It’s not sufficient — or acceptable — to be cynical about politics. It’s absolutely true that politics won’t solve our problems and save our souls, but disengagement is not a moral option.
In his latest media interview, Pope Francis observes, when asked about the heads of state who have come to visit him during his first 15 months as pontiff:
Many have come and it’s an interesting variety. Each one has their personality. What has called my attention is the cross made between young politicians, whether they are from the center, the left or the right. Maybe they talk about the same problems but with a new music, and this I like, this gives me hope because politics is one of the more elevated forms of love, of charity. Why? Because it leads to the common good, and a person who, [despite] being able to do it, does not get involved in politics for the common good, is selfish; or that uses politics for their own good, is corrupt. Some fifteen years ago the French bishops wrote a pastoral letter reflecting on the theme “Restoring Politics.” This is a precious text that makes you realize all of these things.

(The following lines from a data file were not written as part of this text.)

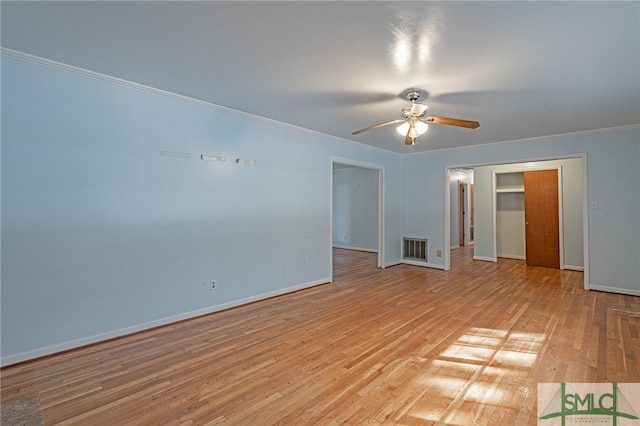 empty room featuring light wood-type flooring, visible vents, crown molding, and baseboards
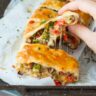 puff pastry strudel with vegetables and cheese on a piece of baking paper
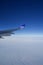 COPENHAGEN, DENMARK - NOV 24th, 2018: Wing of an airplane cruising above the clouds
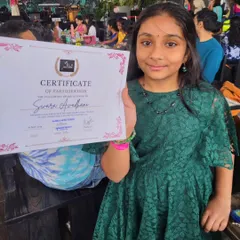 Another young performer holds her certificate after our concert. These moments of recognition are crucial for building the confidence of our little rockstars.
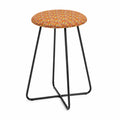Tabouret en métal noir avec tissu floral orange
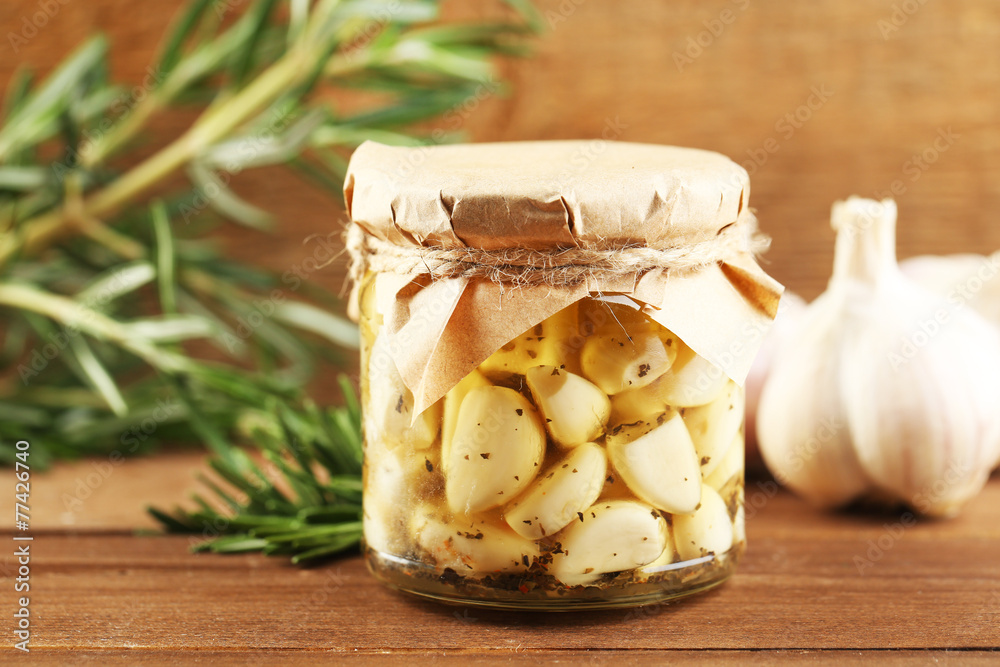 Canned garlic in glass jar on wooden background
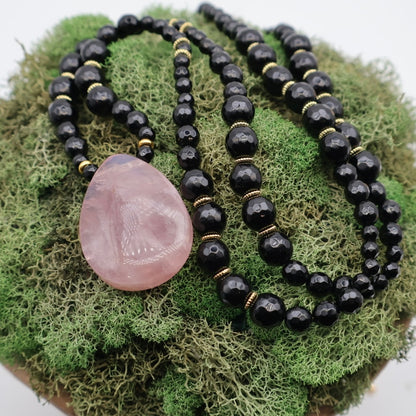 Black beaded necklace with a pink stone pendant on green moss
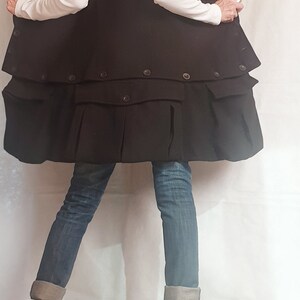 May include: A black, oversized, double-breasted coat with a high collar and pockets. The coat is worn over a white long-sleeved shirt and blue jeans. The person is wearing black boots with zippers on the sides.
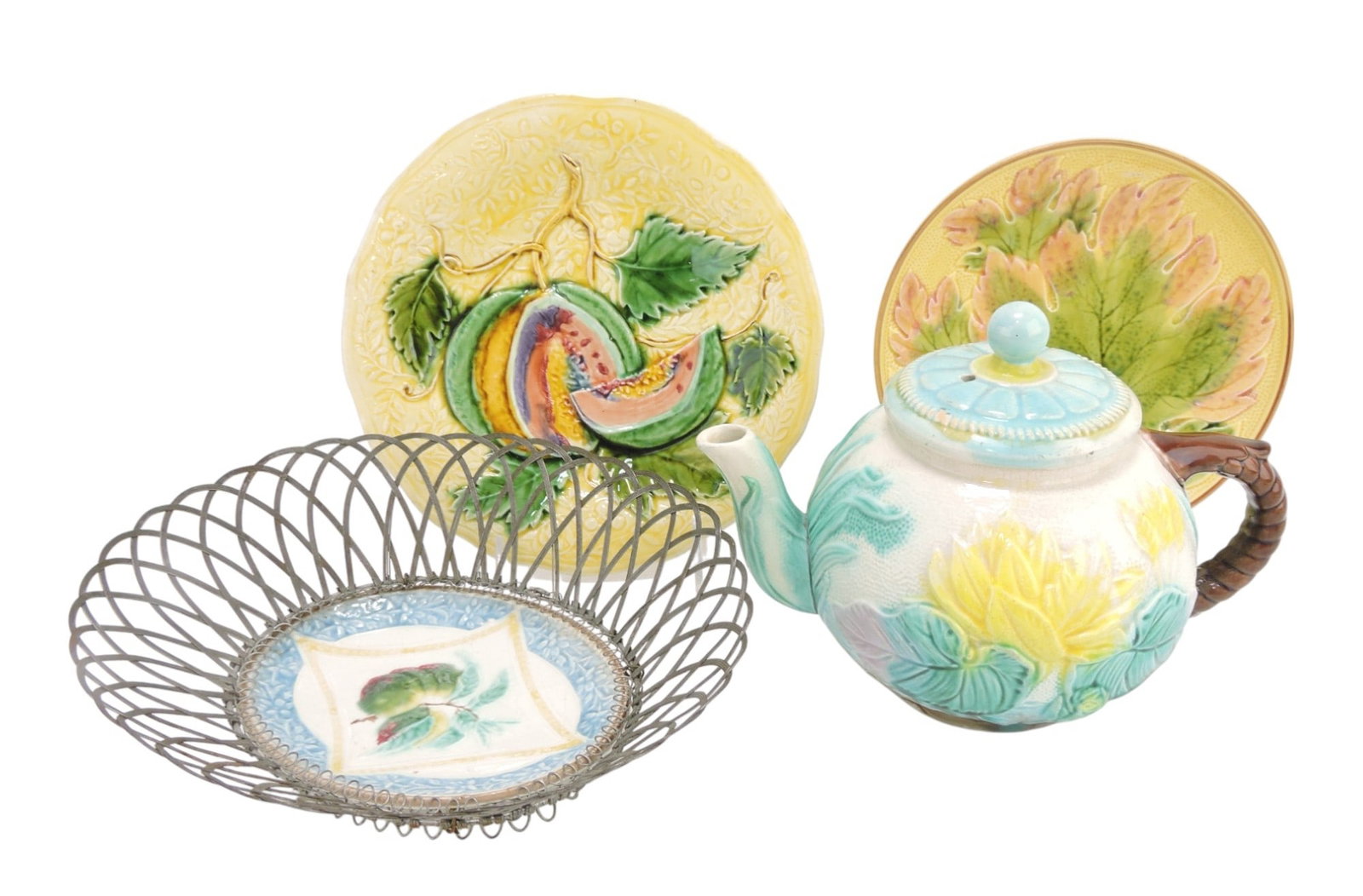 Majolica lot of 4 pieces: 2 plates,: water lily teapot, and oval plate in wire holder, various condition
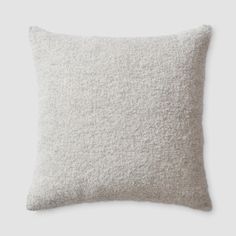 a white pillow that is made out of wool and has a light gray color scheme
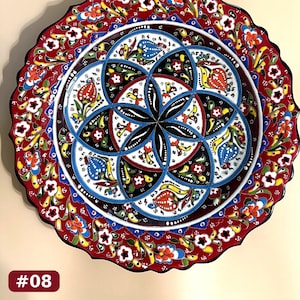 May include: A round ceramic plate with a scalloped edge, featuring a central geometric pattern of intersecting black and white arcs. The design includes colorful floral motifs in red, blue, yellow, and green. The border is a vibrant red.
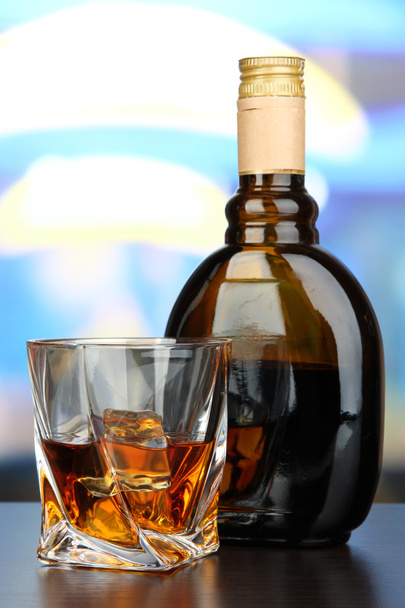 Glass of liquor with bottle, on dark background - Photo, Image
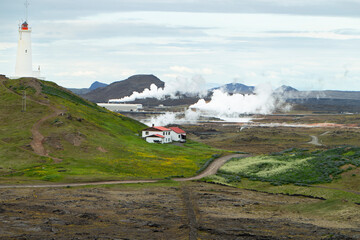 Geothermal Power Plant in Icelandic Landscape with Mountains and Hills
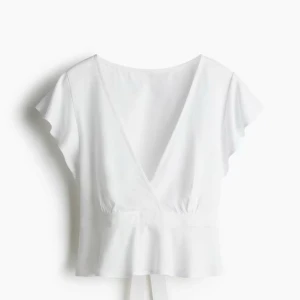 Vit omlottopp från H&M Divided - Helt ny och oanvänd vit omlottopp från H&M Divided i luftig linnemix. Toppen har korta ärmar, v-ringning och knyt i midjan som ger en snygg siluett. Perfekt till sommaren och enkel att styla med både jeans och kjol.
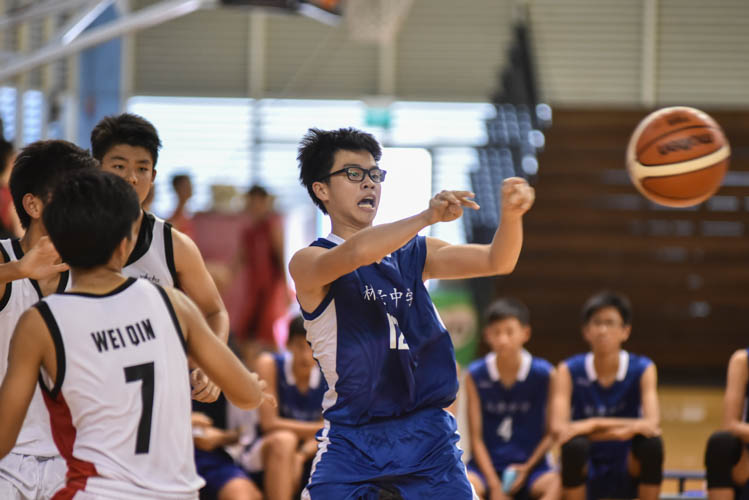 Neo Zhen Quan (WG #12) making a pass during the North Zone B Division basketball match between Hougang secondary and Woodgrove secondary. (Photo  © Stefanus Ian/Red Sports)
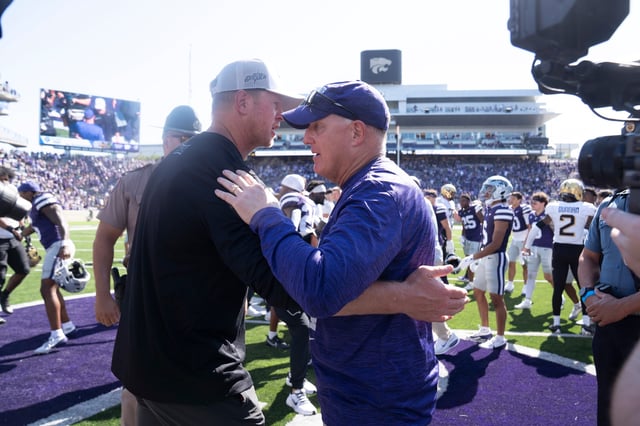 Kansas State football coach Chris Klieman meets with UCF coach Scott Frost after a game at Bill Snyder Family Stadium on Sept. 27, 2025.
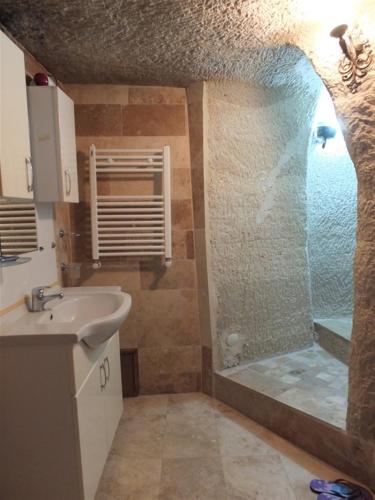 a bathroom with a shower and a sink at Anatolia cave hotel Pension in Goreme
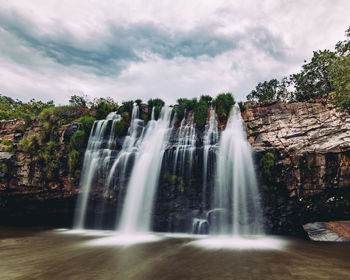 Scenic view of waterfall against sky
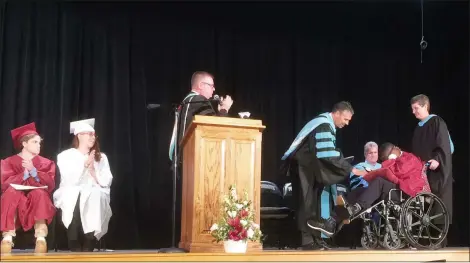  ?? EVAN BRANDT — MEDIANEWS GROUP ?? Pottsgrove Schools Superinten­dent William Shirk delivers JaSaad Jamison’s high school diploma during Thursday’s special graduation ceremony.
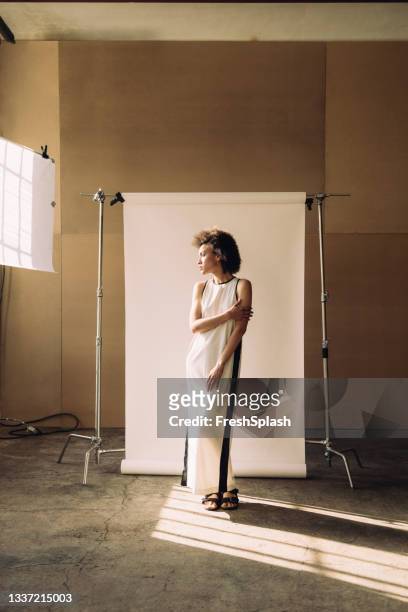 vertical shot of a beautiful mixed race mid adult woman standing in front of a white backdrop in a photo studio, looking away - beige dress stock pictures, royalty-free photos & images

(Translation via the Catholic News Agency.)
It’s our job to restore politics to that which elevates and works for the common good.
This is not a new view of Jorge Bergoglio’s. In a series of conversations with his good friend Rabbi Abraham Skorka (who recently traveled the Holy Land with him), he expressed: “The loss of credibility in the political arena must be reversed because politics is a very elevated form of social charity.” (I discussed that book-length exchange, On Heaven and on Earth with the translator, my friend Alejandro Bermudez, here.)
That newly canonized St. John Paul II is a good go-to saint for redeeming politics now, isn’t he?
St. John Paul II, pray for us.
And here’s a good prayer via The Catechism of the Catholic Church:
Pope St. Clement of Rome provides the Church’s most ancient prayer for political authorities: “Grant to them, Lord, health, peace, concord, and stability, so that they may exercise without offense the sovereignty that you have given them. Master, heavenly King of the ages, you give glory, honor, and power over the things of earth to the sons of men. Direct, Lord, their counsel, following what is pleasing and acceptable in your sight, so that by exercising with devotion and in peace and gentleness the power that you have given to them, they may find favor with you.”